- [EXERCISE OBJECTIVE]
Exactly as written, retype the listing below, omitting the pictures.

- [DATA EXTRACT]
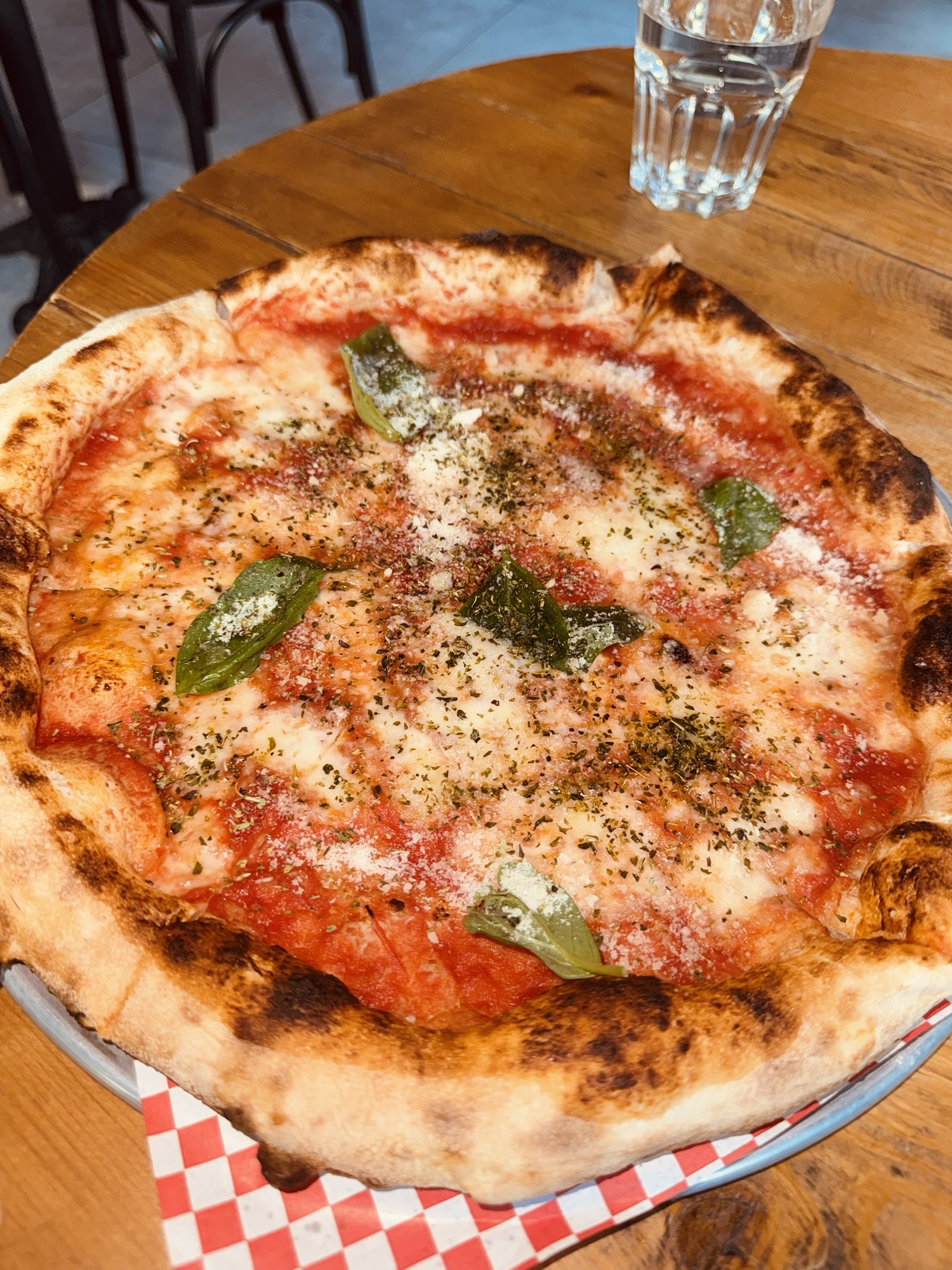 Pizza from Crustopia in Lucerne Switzerland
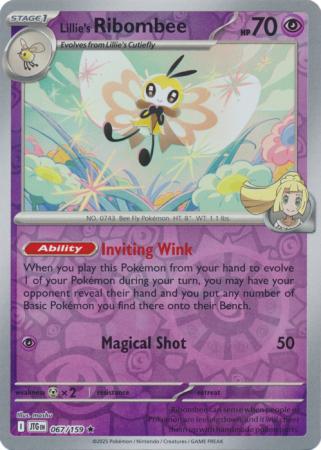 Lillie's Ribombee - 67/159 - Reverse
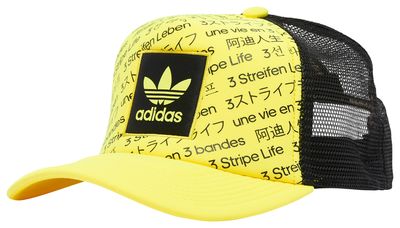 adidas Originals OG Recoded 3 Stripe Life Trucker Hat - Men's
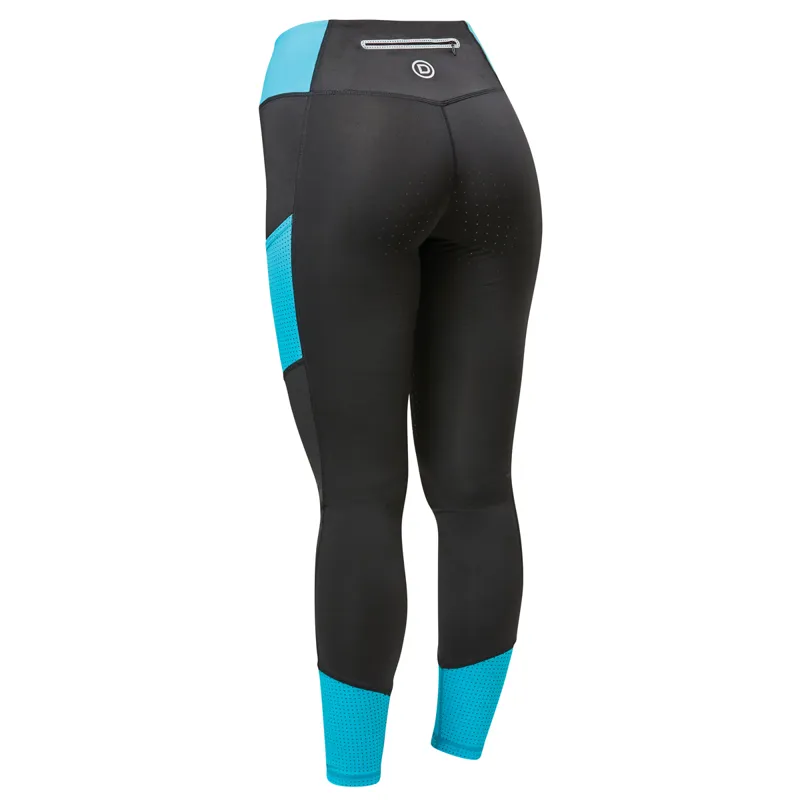 Dublin Power Performance Colour Block Ladies Riding Tights - Aqua-1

- [PROBLEM SOLUTION]
 Pizza from Crustopia in Lucerne Switzerland
 Lillie's Ribombee - 67/159 - Reverse
 adidas Originals OG Recoded 3 Stripe Life Trucker Hat - Men's
 Dublin Power Performance Colour Block Ladies Riding Tights - Aqua-1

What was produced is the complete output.